Wednesday 24 August 2011

Ozymandius by Percy Shelley

I am terrible at blogs, as much as I love them; not having updated in three weeks seems terrible but, unfortunately, pretty inevitable. I dont know why I am trying to reason with you, the internet, but I feel I need an excuse. To be fair, I've had RIOTS to deal with and I also got a job, the one which required excellent communication abilities. Not sure if I have those just yet, but here is a man who most definitely did.

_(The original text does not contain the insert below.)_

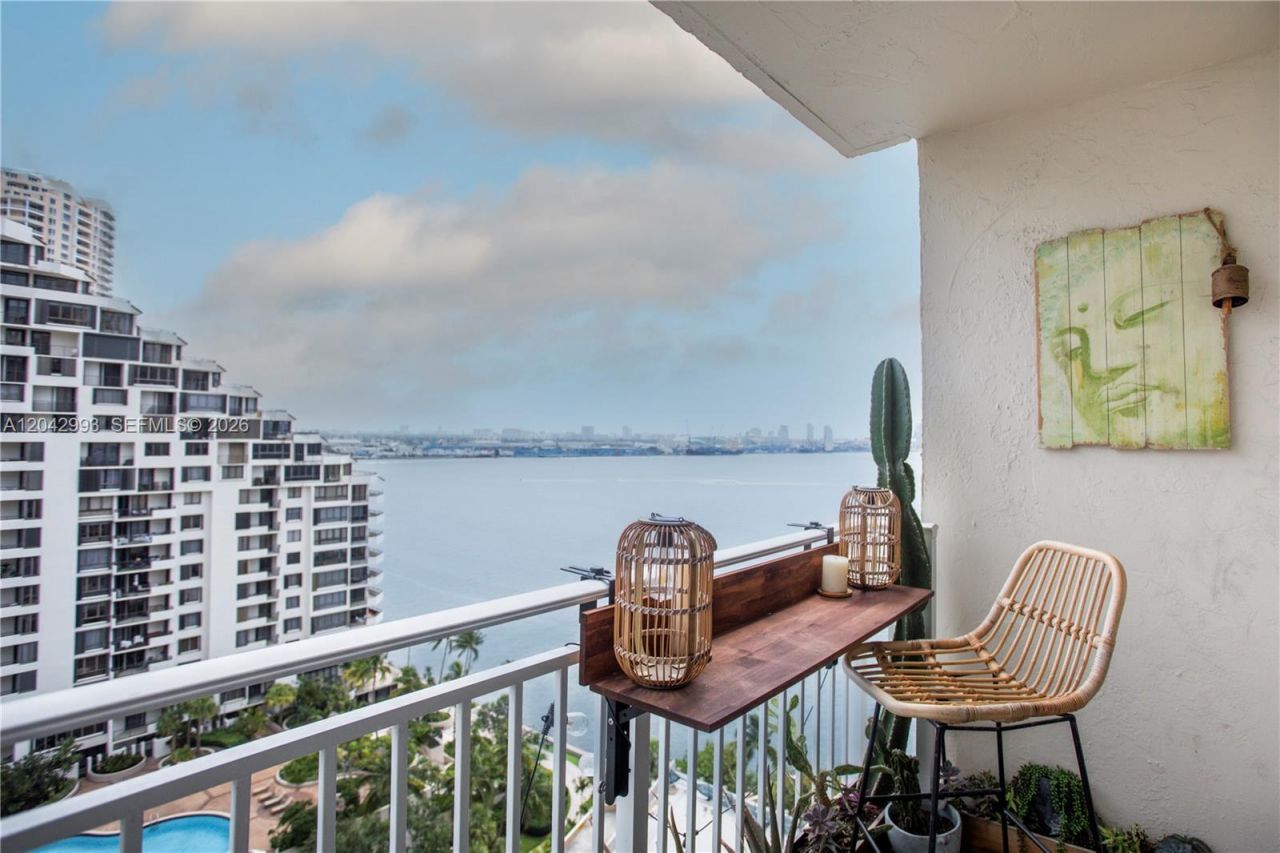 770 Claughton Island Dr , Unit 1705, Miami, FL 33131 Photo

It's everybody's favourite Romantic poet that's not Wordsworth or Byron; that's right it's PERCY SHELLEY, or as he's known to his friends, Perky Shellfish.




Ozymandias

I met a traveller from an antique land
Who said: "Two vast and trunkless legs of stone
Stand in the desert. Near them on the sand,
Half sunk, a shattered visage lies, whose frown
And wrinkled lip and sneer of cold command
Tell that its sculptor well those passions read
Which yet survive, stamped on these lifeless things,
The hand that mocked them and the heart that fed.
And on the pedestal these words appear:
`My name is Ozymandias, King of Kings:
Look on my works, ye mighty, and despair!'
Nothing beside remains. Round the decay
Of that colossal wreck, boundless and bare,
The lone and level sands stretch far away".